STORED DATA: Begin

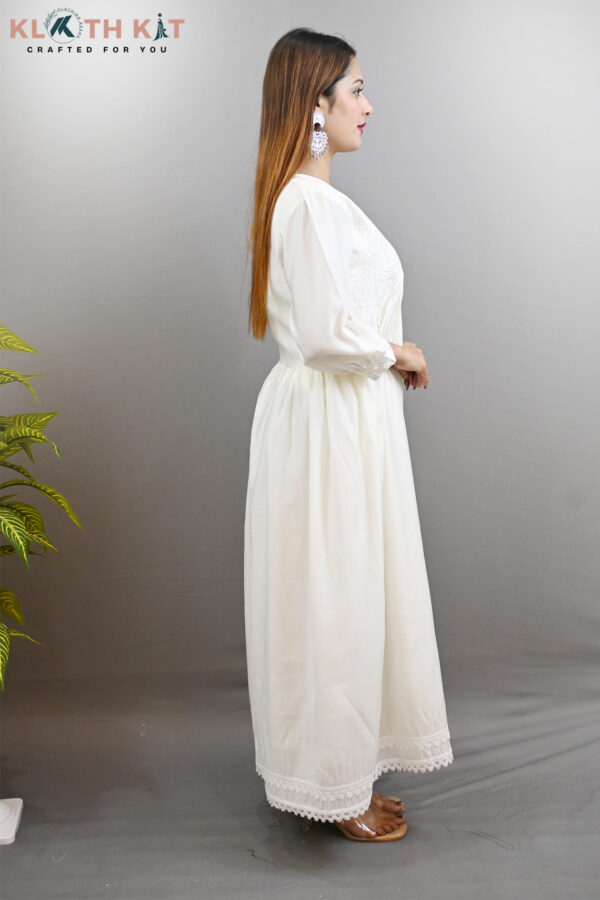 Kloth Kit White Alia Cut Anarkali Kurti with Pant & Dupatta - Image 5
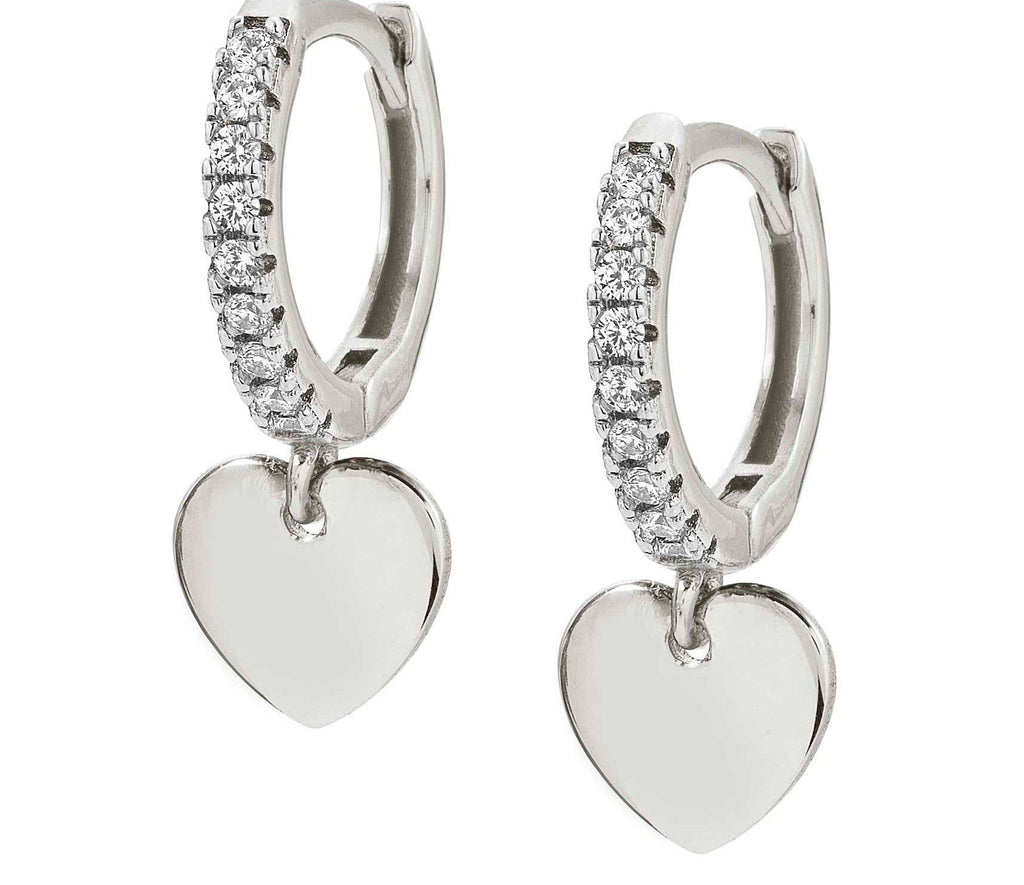 148604/001 CHIC&CHARM earrings,925 silver & CZ,RICH,Silver Heart - SayItWithDiamonds.com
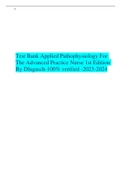 Test Bank Applied Pathophysiology For  The Advanced Practice Nurse 1st Edition  By Dlugasch-100% verified -2023-2024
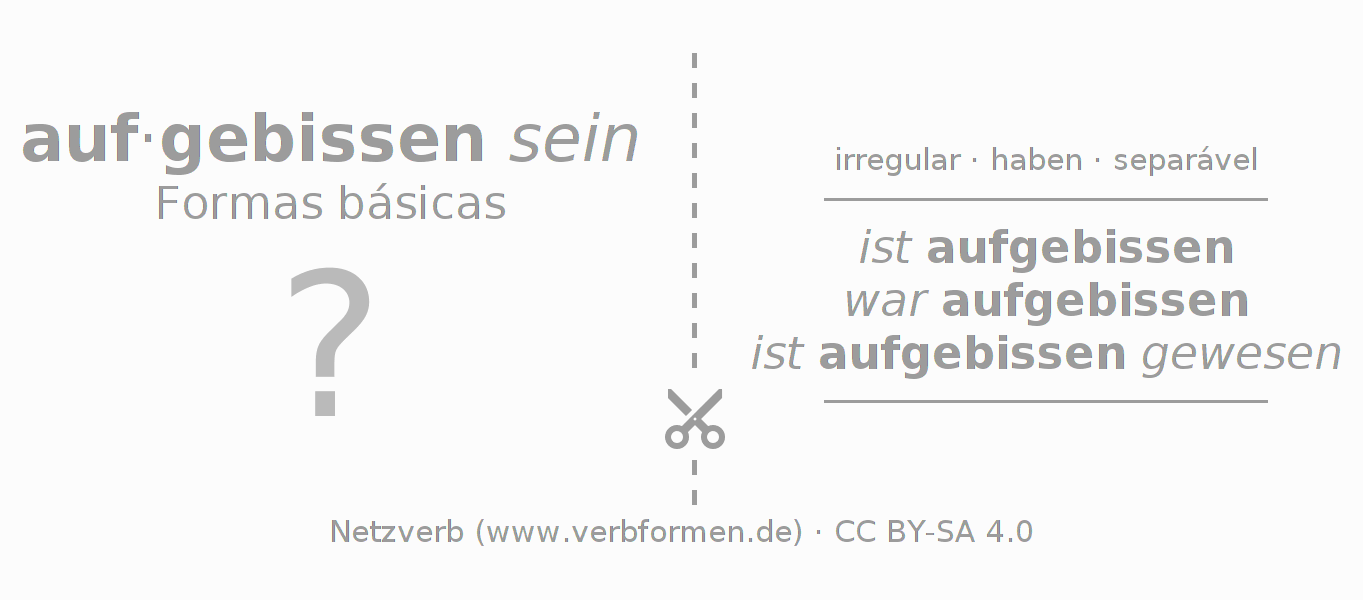 Flashcards para a conjugação do verbo aufbeißen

STORED DATA: End

▶ _REQUIRED WORK_: An exact copy of the listing is required; return it without any pictures.

▶ _ANSWER AREA_:
 Kloth Kit White Alia Cut Anarkali Kurti with Pant & Dupatta - Image 5
 148604/001 CHIC&CHARM earrings,925 silver & CZ,RICH,Silver Heart - SayItWithDiamonds.com
 Test Bank Applied Pathophysiology For  The Advanced Practice Nurse 1st Edition  By Dlugasch-100% verified -2023-2024
 Flashcards para a conjugação do verbo aufbeißen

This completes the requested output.